◆ **YOUR INSTRUCTIONS**:
Task for the records below: please retype exactly and only the lines from the first through the one with "Orchestral Score Under Golden Stage Lights", with every picture omitted.

(Short web captions)
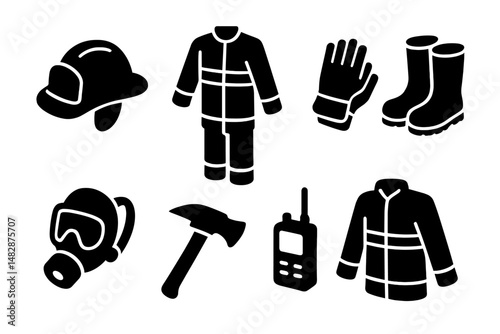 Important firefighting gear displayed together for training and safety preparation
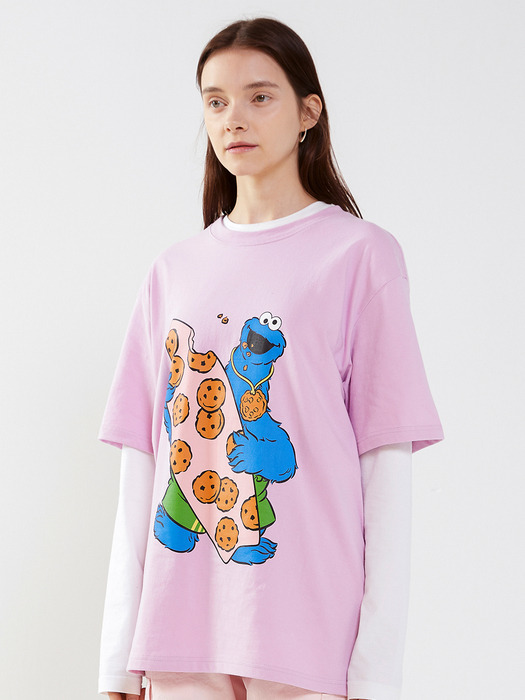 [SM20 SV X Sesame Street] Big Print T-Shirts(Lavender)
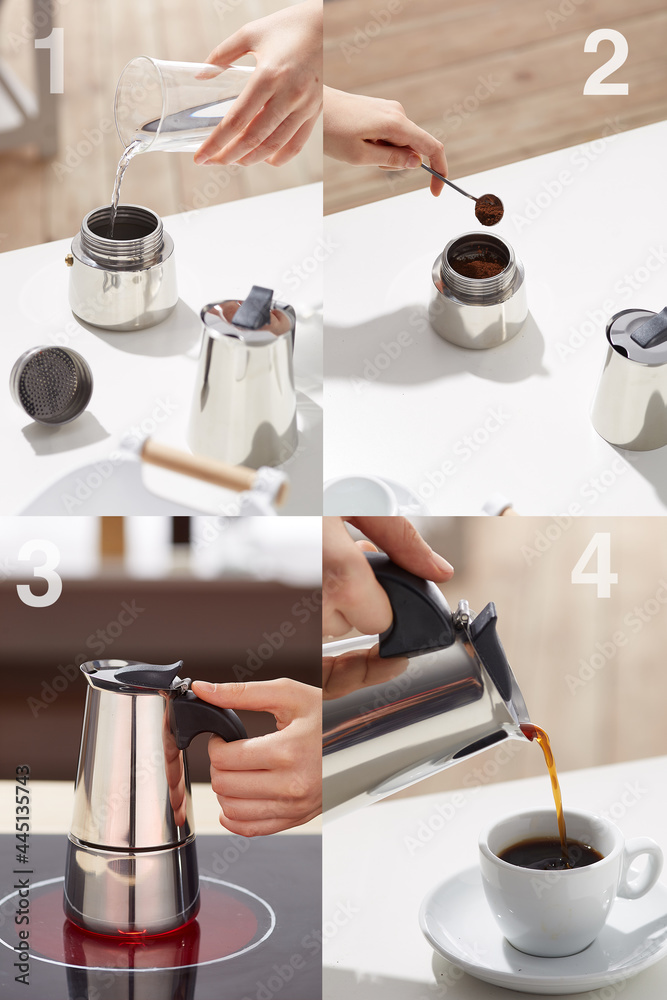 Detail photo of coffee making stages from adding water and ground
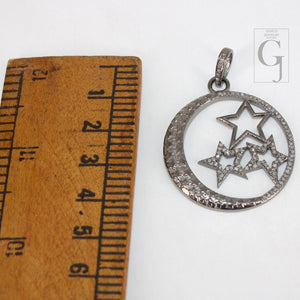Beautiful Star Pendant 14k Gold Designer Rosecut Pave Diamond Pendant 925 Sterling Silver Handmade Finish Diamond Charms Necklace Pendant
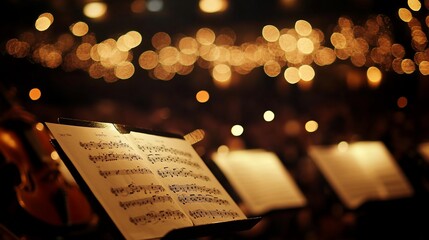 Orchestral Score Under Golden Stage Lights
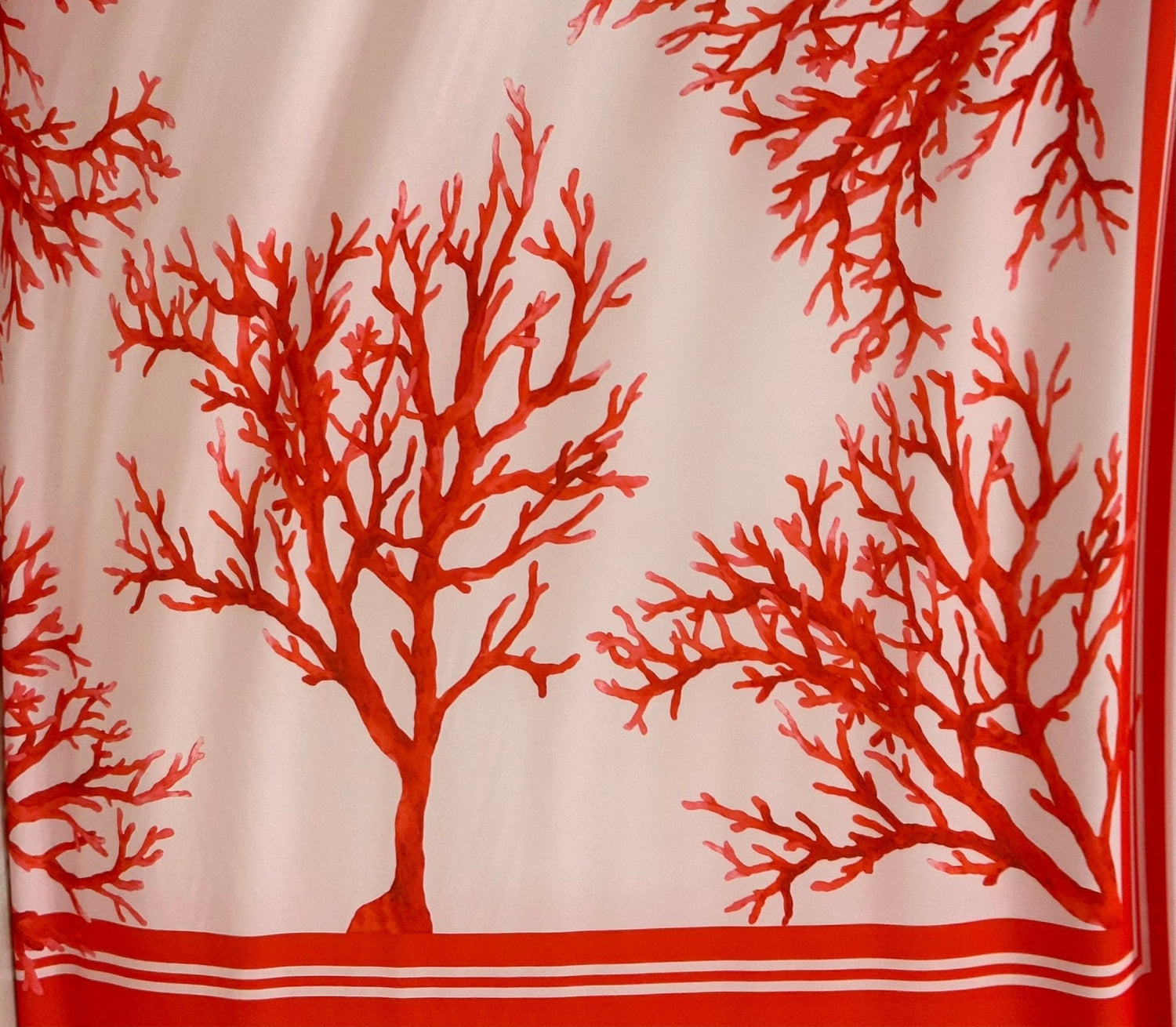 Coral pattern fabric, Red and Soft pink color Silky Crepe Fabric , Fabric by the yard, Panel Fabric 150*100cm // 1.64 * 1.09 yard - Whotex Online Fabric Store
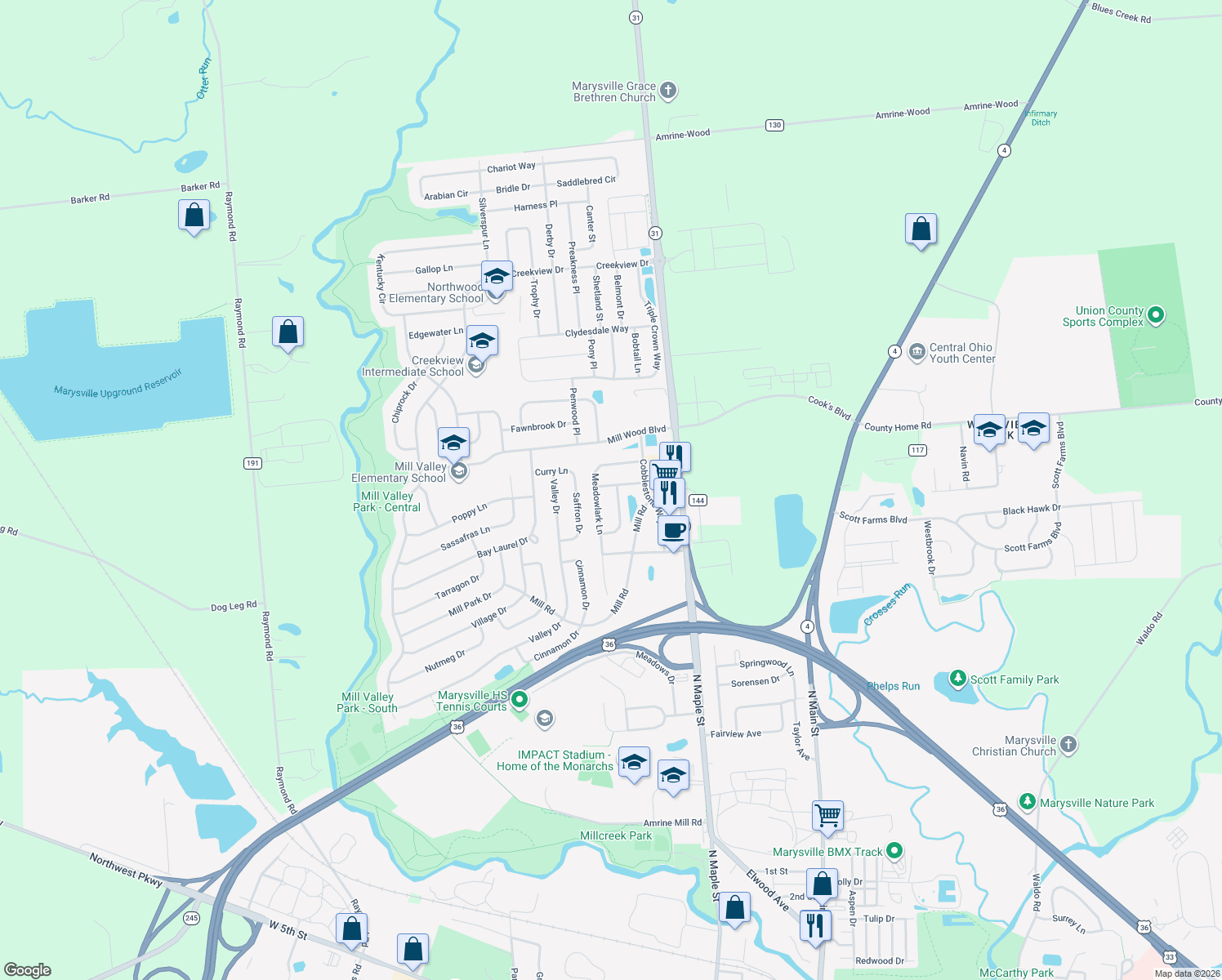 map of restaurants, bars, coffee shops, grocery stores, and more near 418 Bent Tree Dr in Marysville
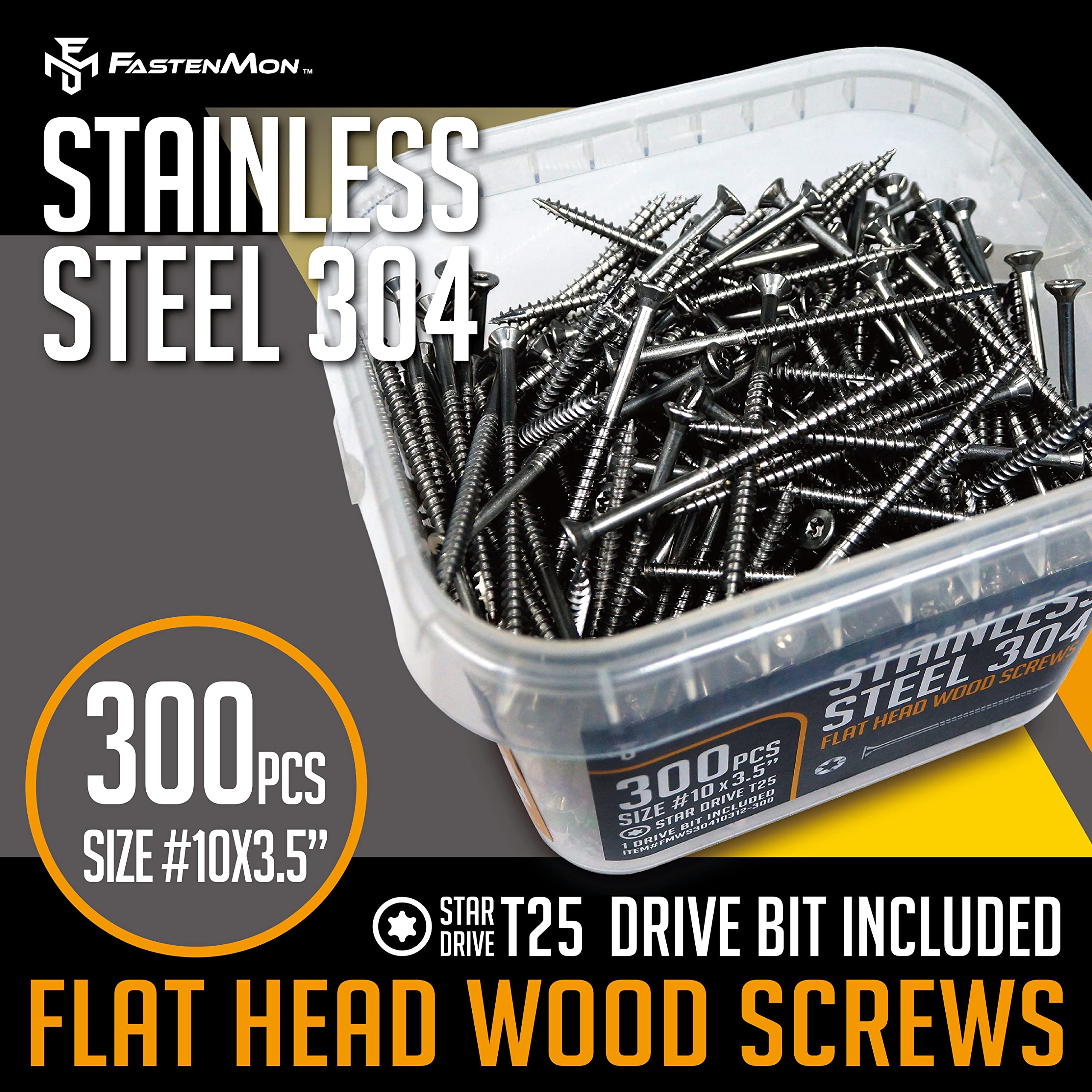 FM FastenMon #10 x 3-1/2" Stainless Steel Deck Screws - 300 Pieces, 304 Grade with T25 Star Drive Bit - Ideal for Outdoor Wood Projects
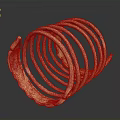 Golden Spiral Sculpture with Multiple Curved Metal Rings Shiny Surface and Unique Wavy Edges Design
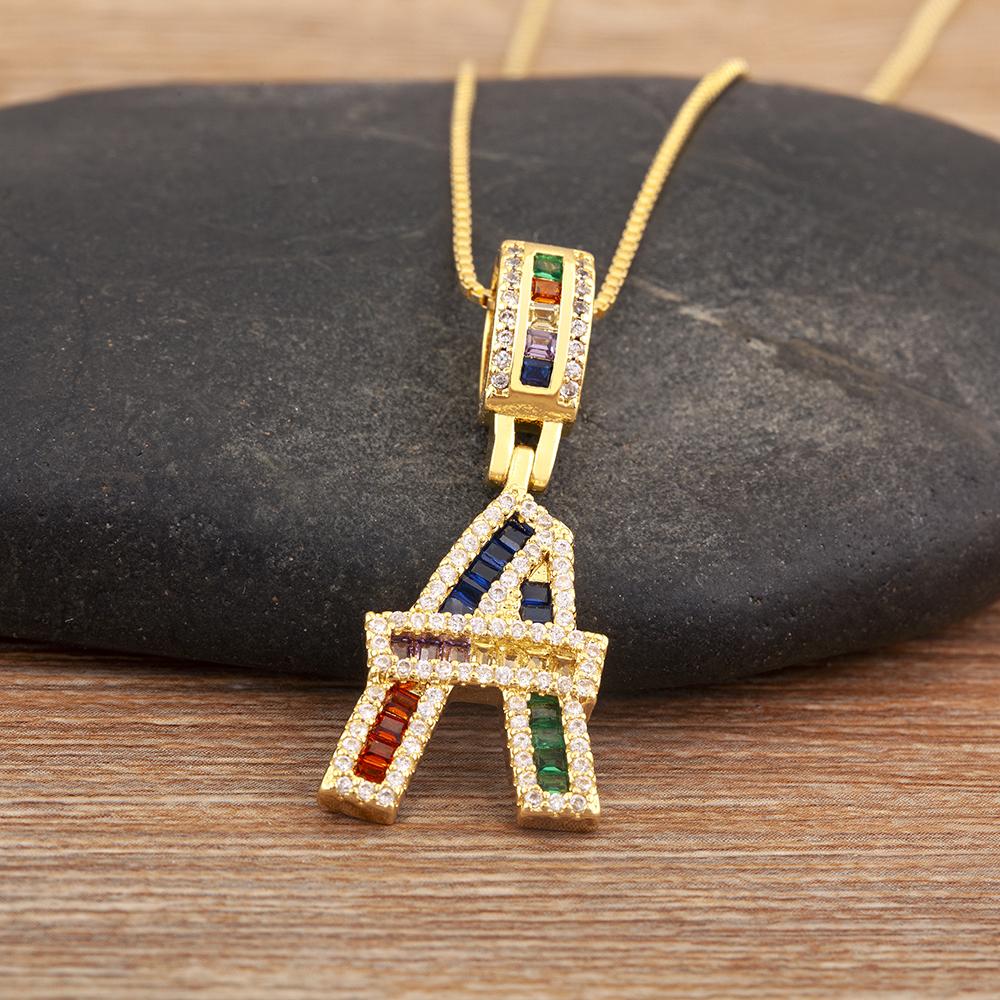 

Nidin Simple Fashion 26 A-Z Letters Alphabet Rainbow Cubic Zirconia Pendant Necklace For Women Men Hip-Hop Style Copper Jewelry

◆ **SOLUTION TO THE EXERCISE**:
 Important firefighting gear displayed together for training and safety preparation
 [SM20 SV X Sesame Street] Big Print T-Shirts(Lavender)
 Detail photo of coffee making stages from adding water and ground
Beautiful Star Pendant 14k Gold Designer Rosecut Pave Diamond Pendant 925 Sterling Silver Handmade Finish Diamond Charms Necklace Pendant
 Orchestral Score Under Golden Stage Lights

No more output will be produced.